I have a totally free Android app that does not need data at all, called Maps with Me. Download the app, then download the country/region you want. It then shows a zoomable map for where you are. No navagation, but ideal if you are stuck in the middle of nowhere and want to find out where you are. I also got one of these http://www.totalmerchandise.co.uk/uploads/product-images/Bicycle_bell_with_compass.jpg on my last trip for a few euros and it worked a treat!


----------



## psmiffy (19 Jul 2013)

BigonaBianchi said:


> ..stay out of the big towns if you can...nightmare navigation etc.


 
The obvious routes - apart from Paris and Lyon there are no big towns that pose any difficulty - Its easy to get into the centre of Paris Marginally more difficult to get out out south - Lyon is dead easy to get in and there is a great big River you can follow to get out - anywhere else is not worth worrying about

its a Fallacy that towns are difficult - towns are often some of the most interesting pieces of the ride - Ive done France North to South eight times and Ive not bought a single stadt plan for any town


----------



## DooDah (24 Jul 2013)

> but they are going next June! On balance June is a good time to go....

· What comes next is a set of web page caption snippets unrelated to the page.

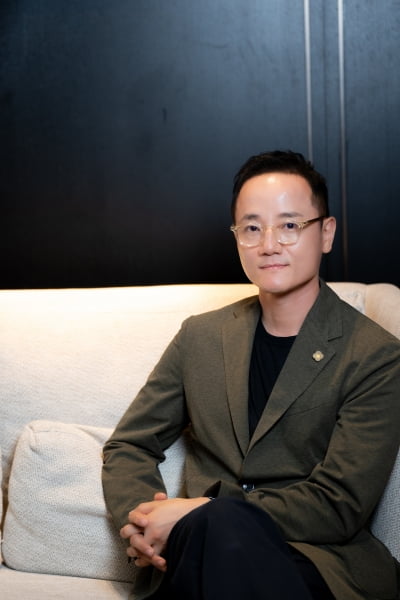 오디션장에 드러누운 배우 있었다…감독에 "'어쩔 건데'라는 표정"('좀비딸') [인터뷰③]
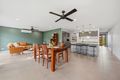 Property photo of 30 Eagle Hawk Drive Southside QLD 4570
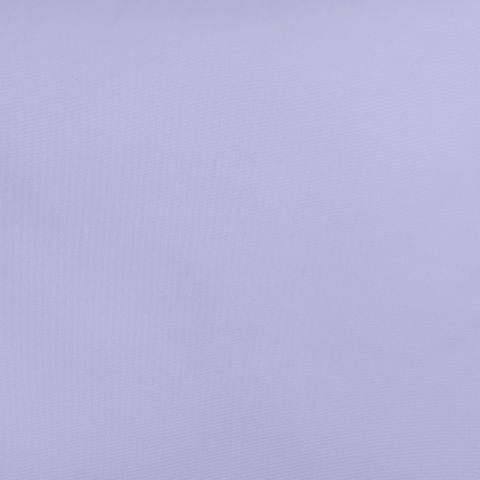 COTTON POPLIN LAVENDER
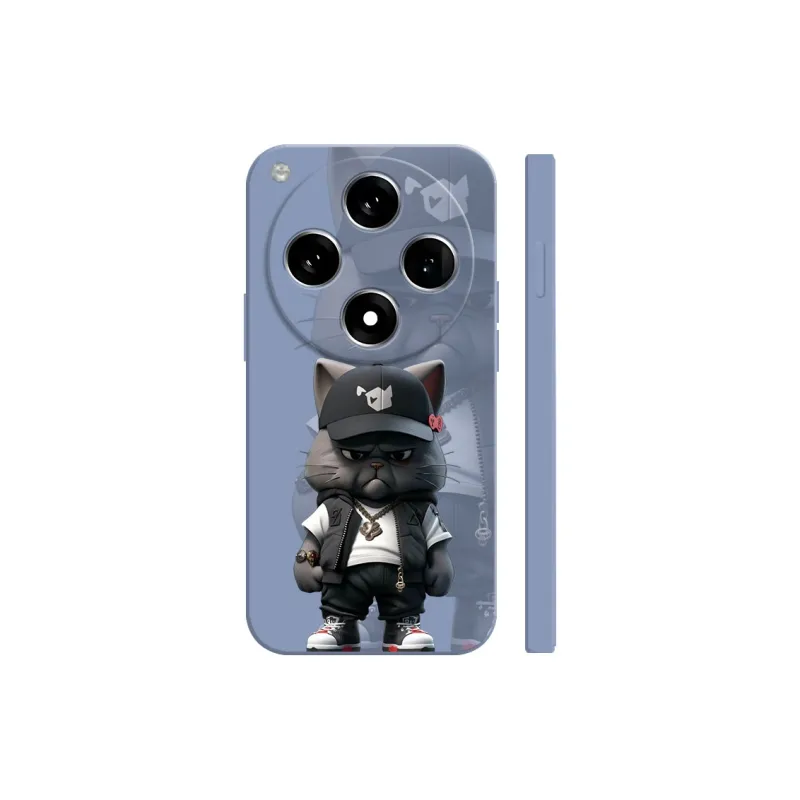 TUNAMEI Phone Cases-18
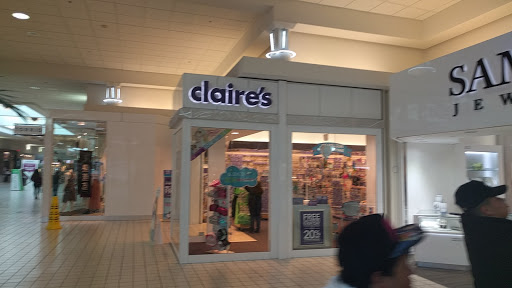 Shopping Mall «West Valley Mall», reviews and photos, 3200 Naglee Rd, Tracy, CA 95304, USA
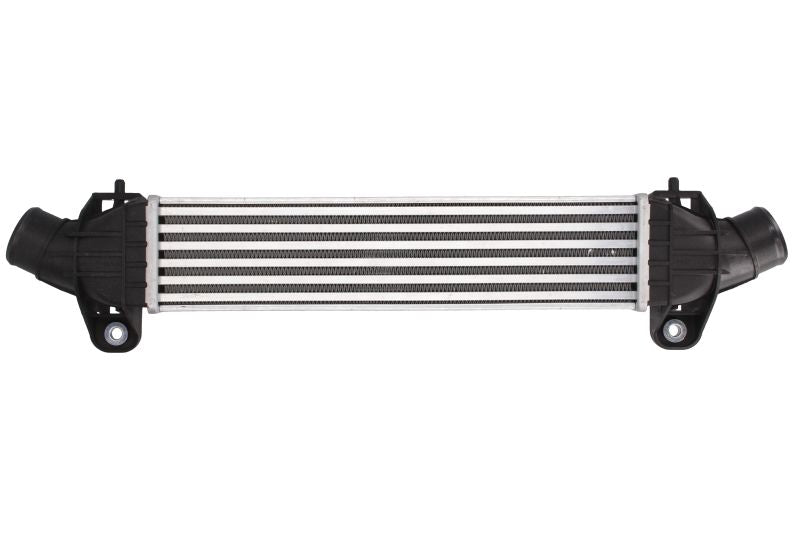 Intercooler Compatibile Per Ford Mondeo III (B5Y) BIBA-RICAMBI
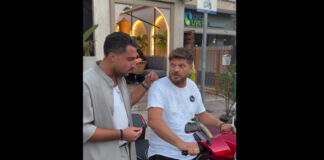 a05b444b37f81c00754b1d2f619384a0 L.jpg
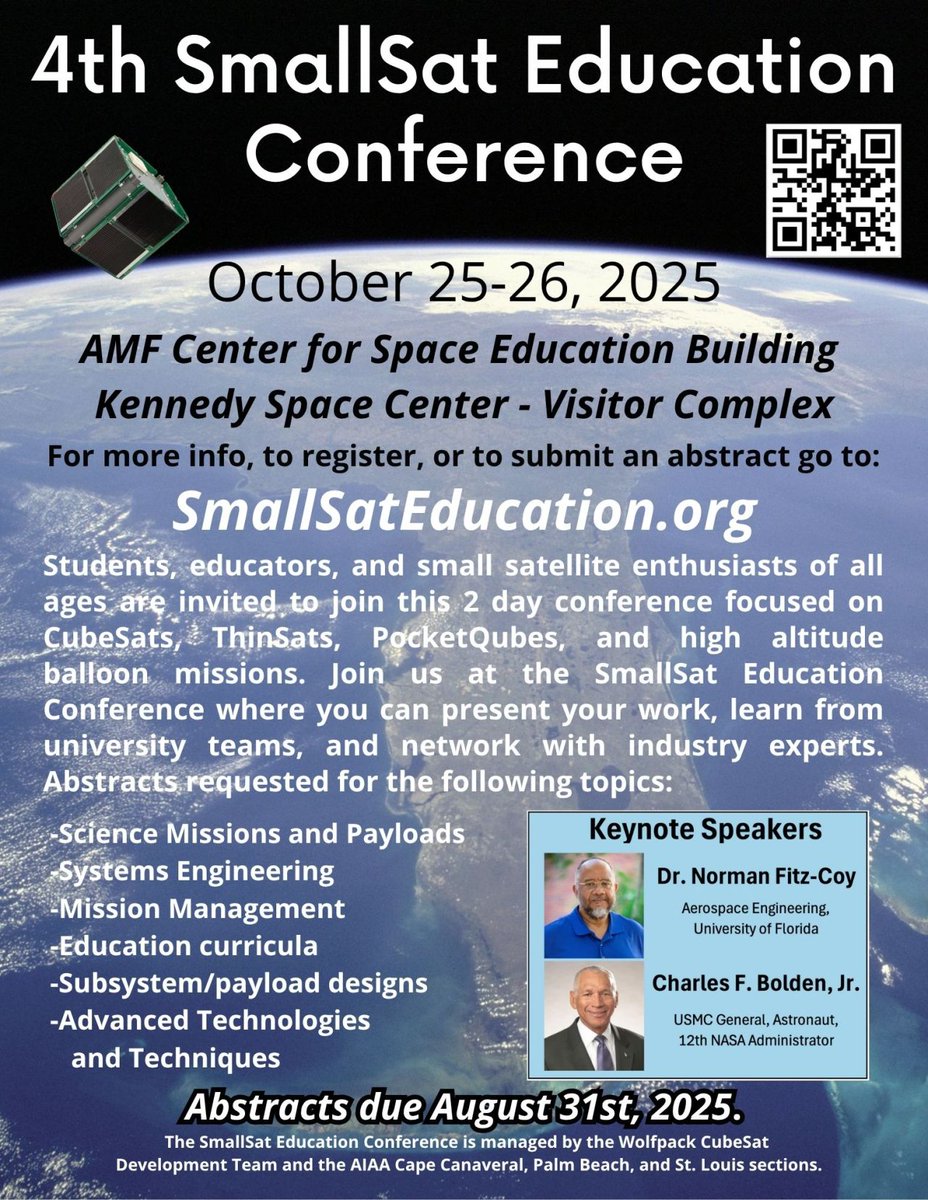 smallsateducation.org/educators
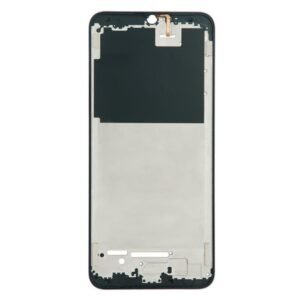 LCD Middle Frame for Samsung Galaxy A03 2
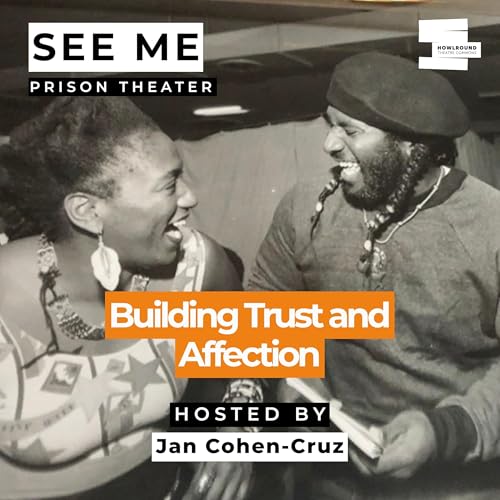 Building Trust and Affection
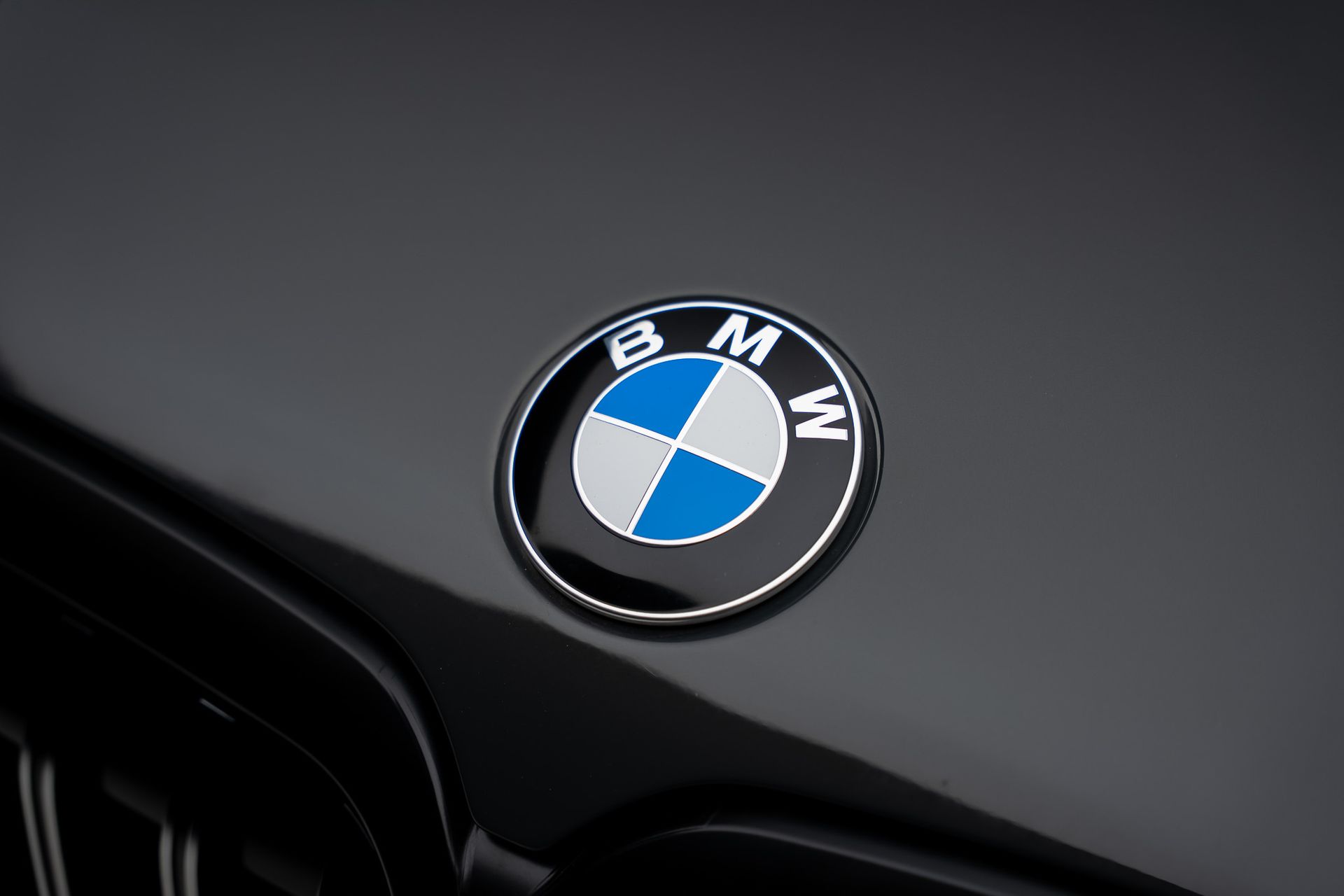 2026 BMW X7 ALPINA XB7 for sale | TxTCharlie
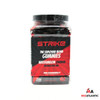 STRIKE Explosive Blend THCA-P Gummies (2x 250mg Gummies Per Pack) *Jar of 25*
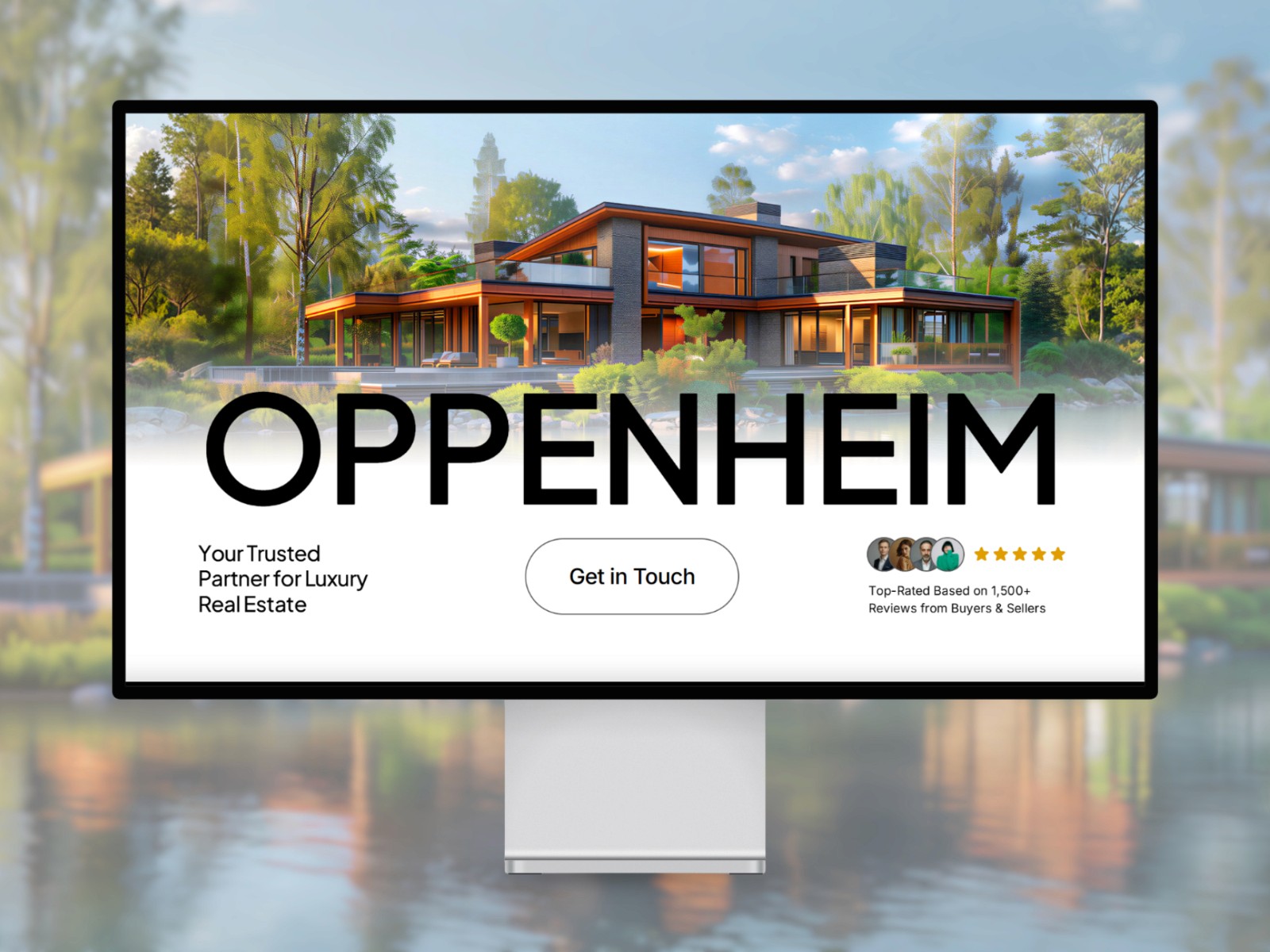 Oppenheim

@s7ephanie is right, June has been a pretty wet month in France over the last few years, and I live in the normally dry South-West. July is normally a better month, but it can be very hot. July and August are the most difficult months to find accommodation and if you do find it, it will be more expensive. IMO early September is the best time in terms of weather, accommodation costs. The trouble you will face is the weather in the mountain regions, it is really pot luck as to whether it is stupidly hot or cold, wet and even snowy. If it were me, I would choose late June or early September.


----------



## DooDah (24 Jul 2013)

On another note this website is full of useful info: http://www.freewheelingfrance.com/


----------



## Mr Bunbury (25 Jul 2013)

A friend and I did a very similar route to yours a couple of years ago: we started at Caen and rode to Marseille via Mt Ventoux. We took 8 riding days, which was restricted by the length of the summer half term holiday (one of us is a teacher), a typical day would be 100-110km, with a couple of longer days thrown in. This was early July, we credit cared toured, we always found accommodation on the night and we both enjoyed ourselves hugely. The Loire is beautiful country and Mt Ventoux is, as people have said, a must.

My tour journal is here.


----------



## asterix (25 Jul 2013)

psmiffy said:


> The obvious routes - apart from Paris and Lyon there are no big towns that pose any difficulty - Its easy to get into the centre of Paris Marginally more difficult to get out out south - Lyon is dead easy to get in and there is a great big River you can follow to get out - anywhere else is not worth worrying about
> 
> its a Fallacy that towns are difficult - towns are often some of the most interesting pieces of the ride - Ive done France North to South eight times and Ive not bought a single stadt plan for any town


 










> The Loire is beautiful country ..


 
Agree about the Loire. My first tour was there. It's so relaxing my daily mileage got smaller and smaller and using youth hostels I met so many interesting people.


----------